Short (not the length of this post)

I've always been okay with myself. Never have I thought that I was the prettiest girl in the class, but I've been fine with how I am. I figure, this is what I am, so whatever. Let me be more specific. I'm 5'5" and I weigh approximately 115 lbs (I think it may have been 113 last time I checked). Am I short? I dunno. But I never would have thought that it mattered that much.

People tend to be offended by being called short. I have a hard time putting myself in their place. I tease about height quite often, but that's what it is, teasing.
Me: I feel short next to you guys. You're too tall.
Taller guy: You're just too short.
Me: Nah. Anyways....

It's not like it's an inside joke. I've done this with various guys, and they just go along with it. But is it because... They're taller?

I feel like girls have gotten to be a lot more okay with being short. Yes, it can be annoying, and I'm sure some girls feel bad because of it. But I'm sure a lot more girls have "I'm not short I'm fun size" t-shirts than boys do. And why? Why can't anyone be "short"? Is it because of these stereotypical expectations our society has? I'll admit, I do like the idea of a tall guy with broad shoulders and strong arms. Seems natural. However, not all guys are tall, and some girls are taller than guys. That should be okay. Should be. It isn't, yet. I've tried to be accepting of LGBT, supporting of those who are depressed, but I think I just hit the jackpot for something people don't realize we need to strive for.

There's been 3 instances of where I've realized this in the past year. One of my friends died last April. Idk if I was close enough that I can call him a good friend of mine, but since we played trumpet together, I considered him like a little brother. I know it wasn't just because of people calling him short (he was the most adorable Canadian guy I've ever known), that is wasn't just me who may have called him short, and that it was many things adding up to where he couldn't take it anymore, but it his height appears to be a key catalyst. People are sensitive about height.

One time a couple months ago, I was tweeting along, and I saw a picture NOH8 had posted of SBNN's founders. In the middle, there was a blond guy, and I immediately thought- wow, he's cute. Took me a while to realize that it was Josh Hutcherson. Yeah, I should have known that, but the angle was a little funky. It was taken from the side as another camera took a picture of them. And Idk if it was the angle, or if the girls were wearing heels, or if is actually short (reminds me- I need to look up how tall he is) but I tweeted: "Jhutch looks short. Lol." I cringe at myself now. Not an appropriate use of "lol." I just through he was adorable and made a statement. But I didn't do it well. Someone replied "ironic how you criticized him on a non-bullying post." Holy crap. Did I just bully Josh Hutcherson? Is he short? Has he felt bad about being short? I never thought he was short before, but maybe I was just out of the loop.

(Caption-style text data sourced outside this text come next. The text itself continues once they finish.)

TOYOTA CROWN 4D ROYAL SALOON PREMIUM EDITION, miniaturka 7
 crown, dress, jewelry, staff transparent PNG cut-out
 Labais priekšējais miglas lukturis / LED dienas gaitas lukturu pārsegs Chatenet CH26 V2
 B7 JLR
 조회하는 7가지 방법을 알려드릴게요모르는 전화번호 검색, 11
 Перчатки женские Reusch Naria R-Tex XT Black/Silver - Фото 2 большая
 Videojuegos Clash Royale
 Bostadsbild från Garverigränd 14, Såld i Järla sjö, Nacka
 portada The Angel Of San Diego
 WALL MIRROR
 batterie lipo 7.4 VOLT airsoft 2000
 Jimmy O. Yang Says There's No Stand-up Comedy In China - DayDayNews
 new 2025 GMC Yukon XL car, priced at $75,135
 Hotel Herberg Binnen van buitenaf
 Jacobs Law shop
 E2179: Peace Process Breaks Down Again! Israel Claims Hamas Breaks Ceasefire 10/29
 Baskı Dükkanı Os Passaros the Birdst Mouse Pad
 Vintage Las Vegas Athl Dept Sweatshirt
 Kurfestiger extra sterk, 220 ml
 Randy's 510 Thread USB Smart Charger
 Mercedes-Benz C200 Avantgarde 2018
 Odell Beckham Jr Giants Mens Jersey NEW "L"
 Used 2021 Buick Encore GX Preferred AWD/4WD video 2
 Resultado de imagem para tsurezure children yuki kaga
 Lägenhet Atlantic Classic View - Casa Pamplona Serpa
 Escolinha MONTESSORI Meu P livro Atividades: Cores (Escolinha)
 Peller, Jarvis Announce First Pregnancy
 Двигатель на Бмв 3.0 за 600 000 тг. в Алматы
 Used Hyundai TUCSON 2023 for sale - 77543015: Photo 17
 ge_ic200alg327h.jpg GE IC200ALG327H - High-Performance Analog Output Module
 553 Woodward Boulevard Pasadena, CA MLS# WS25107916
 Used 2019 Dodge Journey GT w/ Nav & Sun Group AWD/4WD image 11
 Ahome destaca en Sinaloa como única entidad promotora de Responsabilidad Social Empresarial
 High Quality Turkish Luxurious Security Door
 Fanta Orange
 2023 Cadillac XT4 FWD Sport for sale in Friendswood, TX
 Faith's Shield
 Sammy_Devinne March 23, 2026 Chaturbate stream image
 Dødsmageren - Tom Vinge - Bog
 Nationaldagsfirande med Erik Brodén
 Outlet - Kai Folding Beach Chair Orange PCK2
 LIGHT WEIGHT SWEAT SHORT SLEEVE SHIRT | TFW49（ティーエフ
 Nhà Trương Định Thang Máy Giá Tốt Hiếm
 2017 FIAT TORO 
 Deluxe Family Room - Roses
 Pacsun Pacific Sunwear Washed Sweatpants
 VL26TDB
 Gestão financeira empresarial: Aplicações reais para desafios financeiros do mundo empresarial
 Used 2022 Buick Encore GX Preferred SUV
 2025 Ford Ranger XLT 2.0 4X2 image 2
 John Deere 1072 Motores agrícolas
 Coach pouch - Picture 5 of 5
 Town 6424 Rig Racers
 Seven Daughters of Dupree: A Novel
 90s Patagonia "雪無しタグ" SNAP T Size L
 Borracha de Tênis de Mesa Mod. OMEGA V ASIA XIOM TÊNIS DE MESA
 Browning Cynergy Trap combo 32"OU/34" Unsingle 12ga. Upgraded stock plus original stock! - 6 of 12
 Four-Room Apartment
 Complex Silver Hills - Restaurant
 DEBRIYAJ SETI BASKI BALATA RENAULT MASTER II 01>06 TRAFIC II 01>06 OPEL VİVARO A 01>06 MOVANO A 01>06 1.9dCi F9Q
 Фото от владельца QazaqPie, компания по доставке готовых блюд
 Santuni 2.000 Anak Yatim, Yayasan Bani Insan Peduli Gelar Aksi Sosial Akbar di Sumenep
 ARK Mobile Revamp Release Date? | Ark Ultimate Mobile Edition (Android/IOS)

You'd think I'd have learned by now. Oh dear. Tweeting along again (can you see where this is going?) and Dean Dobbs is talking about people calling him a midget and short. He's an awesome YouTuber if you didn't know (check him out here & here) but first of all, he's not a midget. Idk if he's "short" because I've never met him, but everyone criticizes themselves and compares their body to others (guilty as charged) so it wasn't really the nicest thing that people were saying. In fact, it was mean. I never personally called him a midget, but I was tweeting along and definitely not letting go it in his next few tweets. And he called me out on it! whew, I'm on a roll. People will continue to call me out on this until I get it right! I didn't exactly realize it as I was tweeting (I blamed my previous outside annoyance about Hw for it but that's no excuse). He asked me not to be mean, and rightly so. He may have been switching around from being funny to serious in his tweets, but I was akin to egging on the person who called him a midget. My, I am mean. I hadn't wanted him to thought I was being mean, but I really just shouldn't have been tweeting at all.

I'm a bit nervous about posting this. I usually just write- it's not like is a profession of mine or anything. And I am posting a flaw of mine, in public, on the internet, for anyone to see, and more especially, for Dean to see. I want to change. In 2012, I said I wanted to be better at showing people I appreciated them. In 2013, I wanted to be... Less harsh on people. I hadn't posted this because it's one of my greatest flaws- not just something I wanted to be better at. And that makes it harder. I'm still failing, as of this weekend. Hopefully I'm getting better, though. And for the next 10 months, I hope to be improving even more. ~2013 Resolution part 2...

I'll let you in on a secret, though- everyone should be trying to do this. Not just me. Being short shouldn't matter. Girls- don't limit yourself to only dating taller guys. And if your heels make him feel uncomfortable- don't wear them. Guys- You're fine as you are. Help us help you. If you "short" guys show the world just how awesome you are, then maybe we girls can stop looking for a tall guy.
But who knows. Who am I to say all this? I'm a girl. I'm 5'5". I'm not dating a shorter guy. (Nor any guy at the moment, to be honest). Maybe I AM just mean. But I think this is a stereotype we need to rid ourselves of. We are as we are, and what we do with ourselves is the only thing that should matter. So tell me, what do you think?